Temperature dependent mechanical characterization of sputtered copper-silver thin film tensile specimens produced by photolithography
Viswanadh Gowtham Arigela, Max-Planck-Institut für Eisenforschung GmbH, Düsseldorf, GermanyTobias Oellers, Ruhr Universitat Bochum, Bochum, GermanyAlfred Ludwig, Ruhr Universitat Bochum, Bochum, GermanyChristoph Kirchlechner, Max-Planck-Institut für Eisenforschung GmbH, Düsseldorf, GermanyGerhard Dehm, Max-Planck-Institut für Eisenforschung GmbH, Düsseldorf, Germany
The study of mechanical properties of materials at high temperatures at the microstructural length scale requires dedicated testing setups. A novel design with independent tip and sample heating is developed to characterize materials at high temperatures.
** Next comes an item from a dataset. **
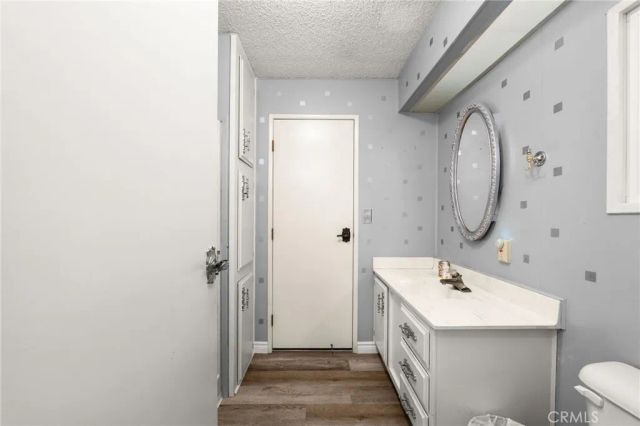 13381 Magnolia 35, Corona, CA 92879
This design is realized by modifying a displacement controlled room temperature micro straining rig (see Kirchlechner et al, Adv. Eng. Mat. 2011) with addition of two miniature hot stages, one of each carrying the sample and indenter tip. The sample reaches temperatures of > 600°C with two independent 50W diode laser systems. A special temperature referencing method is used for precise temperature measurements and the whole setup is placed inside a custom-made steel chamber, capable of attaining a vacuum of 10-6 mbar. Within the work, the application of this setup in characterizing copper, copper-silver thin film libraries produced by photolithography at temperatures ranging from ambient to 400°C are presented. The variation of these properties with variable annealing times are studied and they are presented along with the results from experiments conducted at room temperature after annealing in all of these systems. The effects of microstructure evolution leading to this enhancement is also discussed.